Ils restent favoris pour le second tour, mais les instituts de sondage ne leur promettent qu’une majorité relative à la chambre basse : entre 255 et 295 fauteuils, selon l’estimation Ipsos-Sopra Steria pour France Télévisions.
C’est beaucoup moins que les 346 élus qui composent la majorité actuelle (LREM et MoDem) et potentiellement en dessous du seuil de la majorité absolue, fixé à 289 députés. Si ce scénario est avéré, le président de la République devra composer avec les groupes d’opposition, ou négocier des ralliements au sein de l’hémicycle, pour faire adopter ses réformes.
Le RN vise un groupe à l’Assemblée
Un succès teinté d’amertume – un de plus pour la formation de Marine Le Pen. Avec 19,2 % des suffrages, le Rassemblement national confirme sa forte progression observée à la présidentielle, glanant six points de plus qu’en 2017. Cependant, cette poussée pourrait ne pas se traduire intégralement au Palais Bourbon. Les 150 élus, visés par la fille de Jean-Marie Le Pen, semblent hors de portée. Les frontistes ne devraient pas arracher plus de soixante sièges, selon les projections de l’Ifop. D’autres instituts prévoient un RN cantonné à une quinzaine d’édiles ! Dans ce cas, le parti pourra constituer un groupe parlementaire. Cela lui donnera plus de visibilité et de prérogatives politiques – notamment la possibilité de réclamer la création d’une commission, une suspension de séance ou l’allongement du temps d’examen d’un texte.
Les Républicains font de la résistance
Stop ou encore ? Après la faillite du premier tour de la présidentielle, les Républicains jouaient leur survie. Avec 13,7 % des voix, selon Ipsos-Sopra Steria, le parti de Christian Jacob sauve les meubles. Il devrait conserver un groupe de 50 à 80 élus à l’Assemblée, et pourrait même damer le pion aux frontistes.
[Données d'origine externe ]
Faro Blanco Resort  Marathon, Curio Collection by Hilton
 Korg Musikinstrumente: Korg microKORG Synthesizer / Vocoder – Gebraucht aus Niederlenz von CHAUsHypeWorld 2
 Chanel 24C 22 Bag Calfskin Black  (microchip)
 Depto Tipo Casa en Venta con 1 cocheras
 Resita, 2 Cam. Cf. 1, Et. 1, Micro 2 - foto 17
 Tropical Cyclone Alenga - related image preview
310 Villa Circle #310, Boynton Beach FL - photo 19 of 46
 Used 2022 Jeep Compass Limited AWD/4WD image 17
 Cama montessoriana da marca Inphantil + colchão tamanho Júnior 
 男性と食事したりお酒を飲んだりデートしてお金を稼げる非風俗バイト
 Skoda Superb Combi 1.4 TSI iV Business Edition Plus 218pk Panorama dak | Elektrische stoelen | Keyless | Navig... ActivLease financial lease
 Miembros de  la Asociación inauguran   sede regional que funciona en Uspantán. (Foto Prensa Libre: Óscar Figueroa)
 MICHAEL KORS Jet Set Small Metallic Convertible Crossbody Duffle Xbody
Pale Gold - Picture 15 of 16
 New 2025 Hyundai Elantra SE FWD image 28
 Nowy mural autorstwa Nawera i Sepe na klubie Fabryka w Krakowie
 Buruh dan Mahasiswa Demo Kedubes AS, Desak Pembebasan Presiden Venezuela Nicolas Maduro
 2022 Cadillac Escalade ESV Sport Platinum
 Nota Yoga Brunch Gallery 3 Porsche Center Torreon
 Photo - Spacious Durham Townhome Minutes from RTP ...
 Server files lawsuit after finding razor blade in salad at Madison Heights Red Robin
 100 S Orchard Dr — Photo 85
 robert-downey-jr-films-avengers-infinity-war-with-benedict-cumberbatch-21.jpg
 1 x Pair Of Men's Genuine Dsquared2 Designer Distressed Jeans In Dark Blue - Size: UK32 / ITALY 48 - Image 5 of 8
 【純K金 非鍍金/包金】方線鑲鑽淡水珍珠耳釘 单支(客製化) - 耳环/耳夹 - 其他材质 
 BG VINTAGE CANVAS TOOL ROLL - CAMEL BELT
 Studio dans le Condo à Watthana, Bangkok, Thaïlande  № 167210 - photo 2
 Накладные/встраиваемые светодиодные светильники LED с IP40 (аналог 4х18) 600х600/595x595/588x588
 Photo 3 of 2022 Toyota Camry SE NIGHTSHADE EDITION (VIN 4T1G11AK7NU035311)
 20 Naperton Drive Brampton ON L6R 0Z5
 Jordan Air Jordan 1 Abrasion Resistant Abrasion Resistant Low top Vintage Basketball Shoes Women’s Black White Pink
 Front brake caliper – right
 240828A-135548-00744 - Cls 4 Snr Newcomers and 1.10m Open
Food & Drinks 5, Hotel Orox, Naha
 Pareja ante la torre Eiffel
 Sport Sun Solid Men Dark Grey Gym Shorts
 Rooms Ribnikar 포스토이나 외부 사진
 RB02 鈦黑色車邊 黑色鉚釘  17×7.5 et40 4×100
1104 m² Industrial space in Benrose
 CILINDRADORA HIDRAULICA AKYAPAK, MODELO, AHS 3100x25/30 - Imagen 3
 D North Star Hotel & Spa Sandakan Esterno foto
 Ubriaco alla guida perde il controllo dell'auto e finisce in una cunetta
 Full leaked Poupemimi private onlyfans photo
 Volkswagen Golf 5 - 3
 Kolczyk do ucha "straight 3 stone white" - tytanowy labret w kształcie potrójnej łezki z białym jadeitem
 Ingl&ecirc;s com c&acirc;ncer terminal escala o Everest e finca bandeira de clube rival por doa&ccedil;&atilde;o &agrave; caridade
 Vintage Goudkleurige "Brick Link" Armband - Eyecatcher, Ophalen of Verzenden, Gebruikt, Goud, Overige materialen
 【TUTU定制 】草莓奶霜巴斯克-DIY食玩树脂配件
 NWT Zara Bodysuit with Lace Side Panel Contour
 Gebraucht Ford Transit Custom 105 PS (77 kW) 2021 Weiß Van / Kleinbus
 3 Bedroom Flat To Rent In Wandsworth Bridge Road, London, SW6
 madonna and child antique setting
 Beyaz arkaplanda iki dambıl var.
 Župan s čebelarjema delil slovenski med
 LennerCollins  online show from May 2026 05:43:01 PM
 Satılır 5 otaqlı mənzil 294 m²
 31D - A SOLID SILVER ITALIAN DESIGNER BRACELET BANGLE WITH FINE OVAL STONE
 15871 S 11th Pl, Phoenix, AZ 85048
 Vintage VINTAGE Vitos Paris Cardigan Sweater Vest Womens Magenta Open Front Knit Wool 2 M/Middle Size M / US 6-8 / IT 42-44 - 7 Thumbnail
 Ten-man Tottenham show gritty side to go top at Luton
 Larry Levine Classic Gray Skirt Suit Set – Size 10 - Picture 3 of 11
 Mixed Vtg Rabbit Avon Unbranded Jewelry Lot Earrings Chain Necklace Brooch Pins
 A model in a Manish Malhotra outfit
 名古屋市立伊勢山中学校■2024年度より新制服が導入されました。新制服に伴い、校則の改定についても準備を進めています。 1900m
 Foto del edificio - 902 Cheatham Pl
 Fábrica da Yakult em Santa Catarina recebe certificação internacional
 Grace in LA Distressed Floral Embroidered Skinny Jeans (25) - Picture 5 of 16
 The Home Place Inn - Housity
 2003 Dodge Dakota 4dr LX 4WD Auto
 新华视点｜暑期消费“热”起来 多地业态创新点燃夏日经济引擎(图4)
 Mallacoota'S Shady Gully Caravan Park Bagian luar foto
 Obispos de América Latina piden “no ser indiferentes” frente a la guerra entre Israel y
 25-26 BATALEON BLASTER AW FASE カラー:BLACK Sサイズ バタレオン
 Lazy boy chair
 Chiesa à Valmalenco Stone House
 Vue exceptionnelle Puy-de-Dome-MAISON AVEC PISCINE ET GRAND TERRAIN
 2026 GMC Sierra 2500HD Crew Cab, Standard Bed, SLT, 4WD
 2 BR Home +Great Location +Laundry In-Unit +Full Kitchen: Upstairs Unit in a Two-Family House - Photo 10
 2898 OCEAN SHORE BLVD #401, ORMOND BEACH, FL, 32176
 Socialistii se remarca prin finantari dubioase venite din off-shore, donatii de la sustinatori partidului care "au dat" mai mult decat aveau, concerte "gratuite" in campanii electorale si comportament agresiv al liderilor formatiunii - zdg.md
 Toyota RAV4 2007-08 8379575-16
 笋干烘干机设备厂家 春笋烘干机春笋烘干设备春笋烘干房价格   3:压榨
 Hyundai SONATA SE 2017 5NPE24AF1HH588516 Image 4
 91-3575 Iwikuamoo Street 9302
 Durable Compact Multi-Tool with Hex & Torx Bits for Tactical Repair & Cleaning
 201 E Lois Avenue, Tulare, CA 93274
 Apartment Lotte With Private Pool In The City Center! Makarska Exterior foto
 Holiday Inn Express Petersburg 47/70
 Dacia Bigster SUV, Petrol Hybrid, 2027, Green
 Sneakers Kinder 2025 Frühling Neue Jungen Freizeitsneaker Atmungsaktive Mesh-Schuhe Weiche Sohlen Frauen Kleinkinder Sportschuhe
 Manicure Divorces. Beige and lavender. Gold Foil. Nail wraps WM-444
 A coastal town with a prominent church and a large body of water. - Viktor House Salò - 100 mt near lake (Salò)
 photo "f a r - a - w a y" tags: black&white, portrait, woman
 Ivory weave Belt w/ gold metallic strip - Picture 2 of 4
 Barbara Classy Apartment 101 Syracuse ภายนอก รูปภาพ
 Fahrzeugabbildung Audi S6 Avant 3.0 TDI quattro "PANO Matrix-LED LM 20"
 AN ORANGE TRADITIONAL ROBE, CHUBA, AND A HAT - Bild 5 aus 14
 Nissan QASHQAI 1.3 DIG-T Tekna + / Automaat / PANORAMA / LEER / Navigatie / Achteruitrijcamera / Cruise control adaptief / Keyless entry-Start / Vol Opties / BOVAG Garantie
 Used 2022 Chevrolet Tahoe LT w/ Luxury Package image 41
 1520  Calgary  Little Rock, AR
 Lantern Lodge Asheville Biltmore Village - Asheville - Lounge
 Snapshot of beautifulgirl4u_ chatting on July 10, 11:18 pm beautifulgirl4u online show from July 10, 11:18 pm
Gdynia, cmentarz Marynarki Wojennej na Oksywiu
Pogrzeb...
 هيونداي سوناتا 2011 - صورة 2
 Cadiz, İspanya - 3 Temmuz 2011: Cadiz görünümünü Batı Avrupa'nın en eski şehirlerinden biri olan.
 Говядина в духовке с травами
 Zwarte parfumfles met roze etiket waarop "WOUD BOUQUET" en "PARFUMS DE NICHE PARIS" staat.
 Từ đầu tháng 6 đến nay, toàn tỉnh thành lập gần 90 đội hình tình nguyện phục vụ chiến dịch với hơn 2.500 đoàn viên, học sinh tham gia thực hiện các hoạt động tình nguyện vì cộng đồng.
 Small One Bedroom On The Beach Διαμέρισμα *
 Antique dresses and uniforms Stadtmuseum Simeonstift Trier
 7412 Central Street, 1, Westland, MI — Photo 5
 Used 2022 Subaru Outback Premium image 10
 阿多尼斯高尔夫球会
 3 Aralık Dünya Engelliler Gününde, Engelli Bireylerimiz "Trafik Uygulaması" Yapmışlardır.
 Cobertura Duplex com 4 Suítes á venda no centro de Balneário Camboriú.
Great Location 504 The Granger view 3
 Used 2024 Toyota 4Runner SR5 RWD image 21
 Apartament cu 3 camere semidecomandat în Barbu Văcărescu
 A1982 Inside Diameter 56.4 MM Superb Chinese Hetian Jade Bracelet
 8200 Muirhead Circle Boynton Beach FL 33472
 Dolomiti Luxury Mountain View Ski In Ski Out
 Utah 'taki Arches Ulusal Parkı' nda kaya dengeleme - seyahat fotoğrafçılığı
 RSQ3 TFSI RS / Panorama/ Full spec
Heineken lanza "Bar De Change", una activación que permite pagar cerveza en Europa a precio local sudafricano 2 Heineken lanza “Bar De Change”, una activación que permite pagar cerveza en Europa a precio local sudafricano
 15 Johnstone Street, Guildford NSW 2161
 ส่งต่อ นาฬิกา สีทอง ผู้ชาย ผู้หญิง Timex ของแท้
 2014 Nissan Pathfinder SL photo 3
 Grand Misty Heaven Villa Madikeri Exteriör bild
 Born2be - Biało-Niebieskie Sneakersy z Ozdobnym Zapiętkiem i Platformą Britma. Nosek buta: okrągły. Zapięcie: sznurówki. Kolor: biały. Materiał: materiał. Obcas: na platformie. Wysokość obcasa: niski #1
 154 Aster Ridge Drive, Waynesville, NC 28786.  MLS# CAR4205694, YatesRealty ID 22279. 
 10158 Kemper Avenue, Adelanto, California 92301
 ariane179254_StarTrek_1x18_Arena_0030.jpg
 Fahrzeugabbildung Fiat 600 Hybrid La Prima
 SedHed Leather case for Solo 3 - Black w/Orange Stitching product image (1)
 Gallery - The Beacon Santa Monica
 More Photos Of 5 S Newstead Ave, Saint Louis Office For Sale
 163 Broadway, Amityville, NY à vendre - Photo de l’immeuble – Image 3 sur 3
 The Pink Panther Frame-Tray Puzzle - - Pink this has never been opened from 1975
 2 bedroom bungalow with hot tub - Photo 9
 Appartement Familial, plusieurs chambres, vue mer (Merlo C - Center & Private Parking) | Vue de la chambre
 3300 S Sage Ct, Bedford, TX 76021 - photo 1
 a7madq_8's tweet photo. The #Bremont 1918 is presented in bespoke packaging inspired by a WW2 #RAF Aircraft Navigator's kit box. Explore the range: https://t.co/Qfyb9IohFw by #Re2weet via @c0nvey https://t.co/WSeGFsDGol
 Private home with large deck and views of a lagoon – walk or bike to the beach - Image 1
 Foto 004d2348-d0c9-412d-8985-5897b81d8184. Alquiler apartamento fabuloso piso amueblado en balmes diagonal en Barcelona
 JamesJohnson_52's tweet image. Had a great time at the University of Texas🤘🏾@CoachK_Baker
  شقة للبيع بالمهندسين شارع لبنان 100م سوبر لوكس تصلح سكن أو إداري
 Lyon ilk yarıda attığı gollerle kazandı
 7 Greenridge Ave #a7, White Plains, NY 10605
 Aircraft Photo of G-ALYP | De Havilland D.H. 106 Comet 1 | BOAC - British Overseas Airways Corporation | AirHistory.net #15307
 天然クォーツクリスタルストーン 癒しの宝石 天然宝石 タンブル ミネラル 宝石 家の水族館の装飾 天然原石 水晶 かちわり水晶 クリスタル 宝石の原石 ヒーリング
La « reconquête » ratée de Zemmour
Éric Zemmour semble bien parti pour suivre les traces de Pierre Poujade, ce député d’extrême droite qui fit sensation au mitan des années cinquante… avant de disparaître du paysage politique. Les 550 candidats qu’il présentait n’ont rallié que 4 % des suffrages, loin des 7,07 % accrochés par l’ancien polémiste au premier tour de la présidentielle. Zemmour lui-même a été défait dans la 4e circonscription du Var. Selon toute probabilité, Reconquête ! n’obtiendra aucun élu.
Premier parti de France : l’abstention
La participation au premier tour culmine à 47,51 % selon les estimations, un taux historiquement bas sous la Ve République. Depuis 1958, jamais les Français n’avaient été si peu nombreux à se mobiliser pour choisir leurs députés. En 2002, 64,4 % des électeurs s’étaient déplacés. C’est depuis cette date que le calendrier électoral a été inversé, de sorte que les législatives suivent désormais l’élection présidentielle.
Après une légère baisse de la participation en 2007 (60,4 %) et en 2012 (57,2 %), la dégringolade a été spectaculaire en 2017 : seulement 48,7 % des Français s’étaient alors rendus aux urnes.
Les électeurs retrouveront-ils le chemin des isoloirs dimanche prochain ? Pour qui voteront-ils ? Ces paramètres influeront sur l’issue d’un scrutin qu’on aurait tort de croire joué d’avance.